Microsoft's fumble here is pretty spectacular.
Back in early 2023, the state of google search was abysmal (despite that their leaders insisted it wasn't, it had become nearly unusable for me and I don't think was that unfounded of an opinion). Microsoft rolled out a new version of bing, which became bing chat - search worked for me again for a very brief window of time.
They could have pounced on this opportunity to take a big chunk out of google's search, because google didn't really catch up there til the AI overview was rolled out, and even that is notorious for having issues. Eventually chatGPT seems to have carved out some of this search space with web-search being native to the tools now.
But microsoft was way ahead of everyone here for a brief period! Instead they just rolled everything into bloatware vaguely called "Copilot" and called it a day.
Over and over Microsoft kills products with mis-marketing.
One scenario is the product is good (OneNote) but they put three icons on the taskbar for it and spam the rest of Windows for ads for it that just make people scream "take it away!"
Another scenario is that the product is bad (OneDrive) and they push you into having a traumatic experience (Microsoft Office uses it as the default save location and when it is down you can't save your work!) that makes sure you'll never use it again -- even though now OneDrive seems to be basically reliable.
Today is it the dominant playbook for marketing of AI experiences. Mostly people are sick and tired of hearing about it, the master Unique Selling Point of 2026 is products that don't interrupt you when you are trying to get work done.
>it had become nearly unusable for me and I don't think was that unfounded of an opinion
if ironic is the right word; the (google) search product itself still is. if not even worse.
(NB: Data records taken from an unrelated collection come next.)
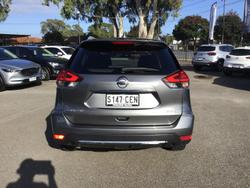 2020 Nissan X-TRAIL ST-L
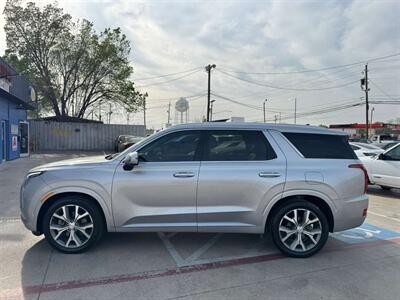 2022 Hyundai PALISADE Limited   - Photo 5 - Grand Prairie, TX 75050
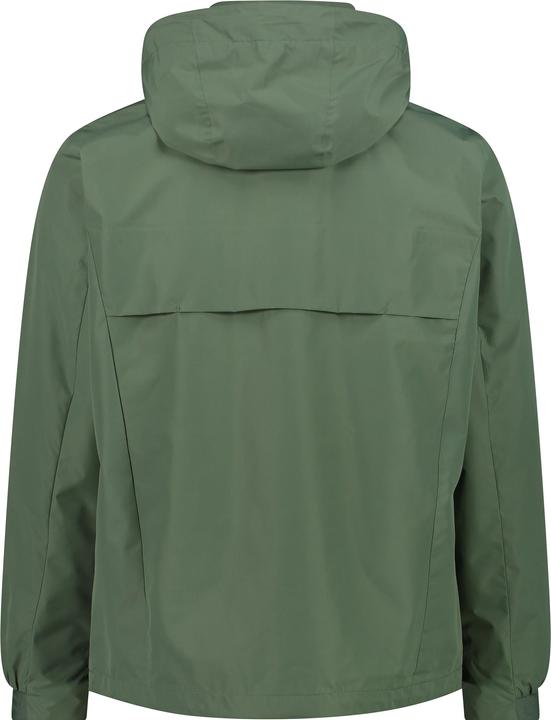 Produktbild CMP Campagnolo Zip Hoodie (52)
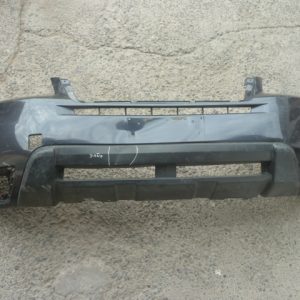 parachoque subaru forester 2014 – 2015 delantero con daños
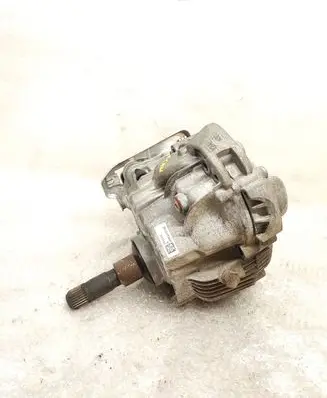 Porsche Macan (95B) Gearbox transfer box case 95B927755F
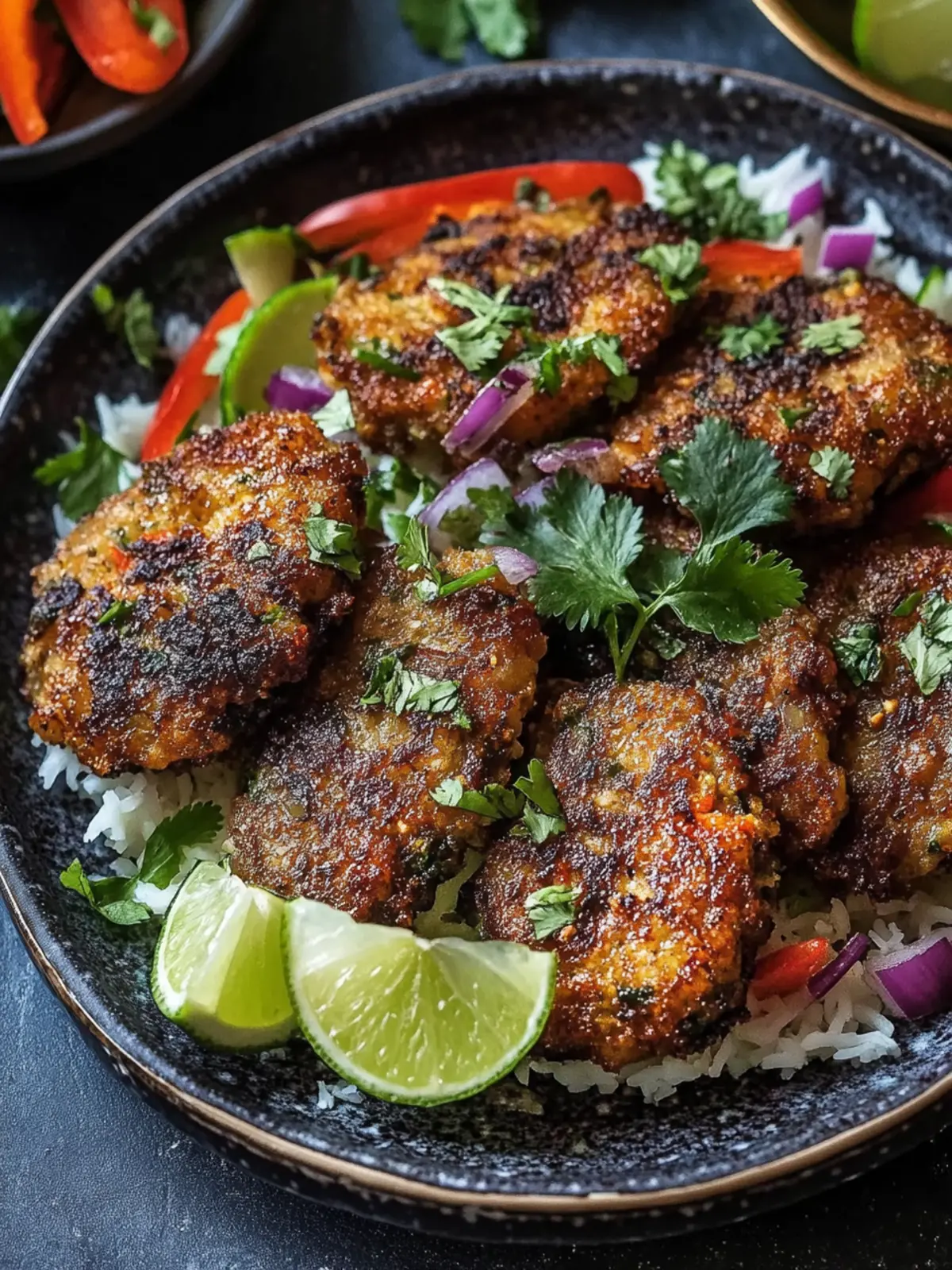 Mouthwatering Persian Kotlet You’ll Want to Make Tonight! 4 Mouthwatering Persian Kotlet You’ll Want to Make Tonight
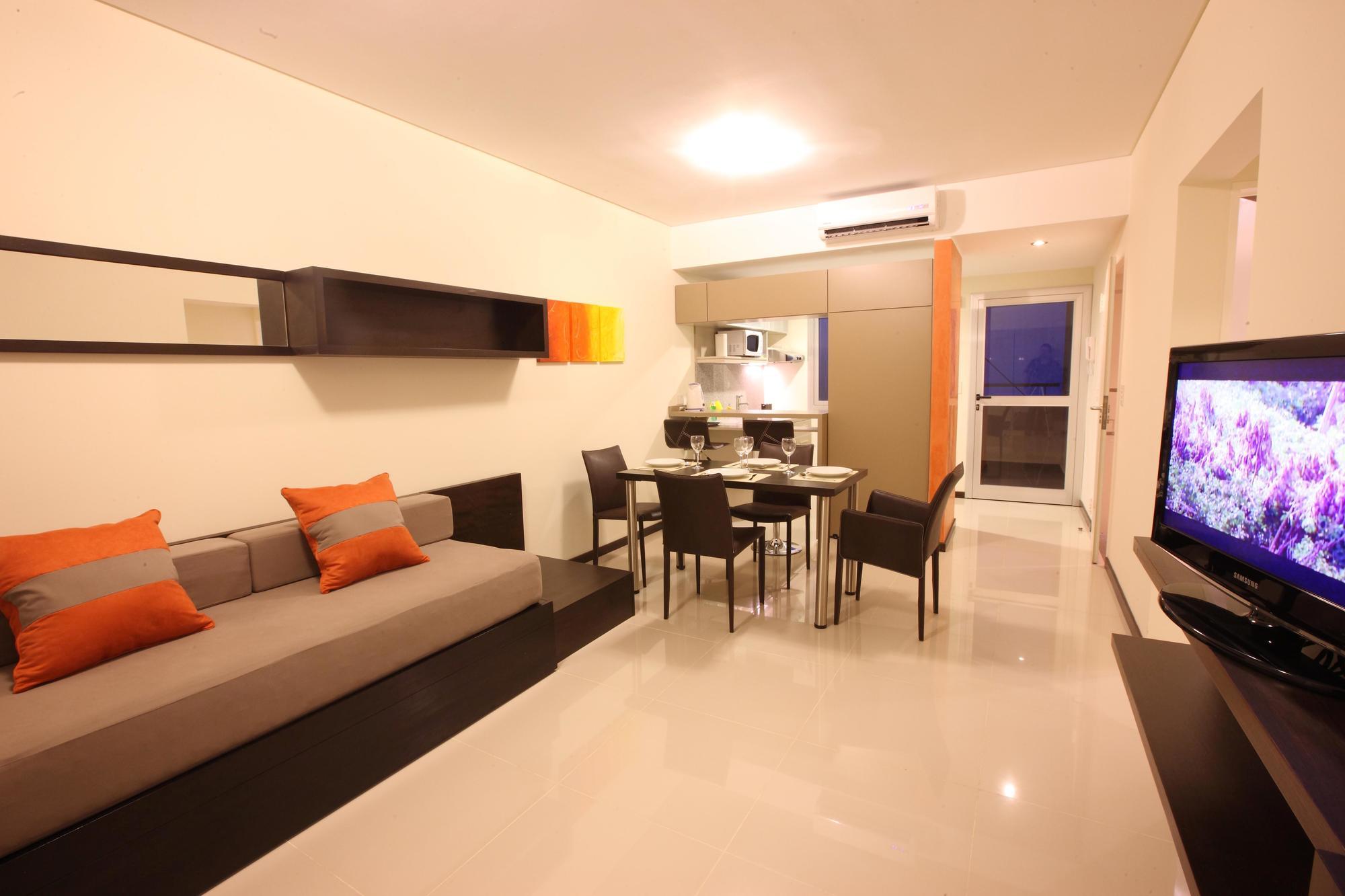 Lecer Apart บัวโนสไอเรส ภายนอก รูปภาพ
the 'new' ai mode routinely creates these silly categories that are not what i was looking for and my screen is filled with repetitive ai summaries of articles. it will ingest a source as fact, and then use that fact to create confirmation bias across other articles. it will even use words like "confirm" when it finds a source saying something, even if the source is junk or seo spam. it becomes somewhat impossible to escape the assumptions the model has made, and i have to resort to traditional web search to get diversity in my results.
and while deep research works, its so overly verbose, with no easy way to tone down the wordiness.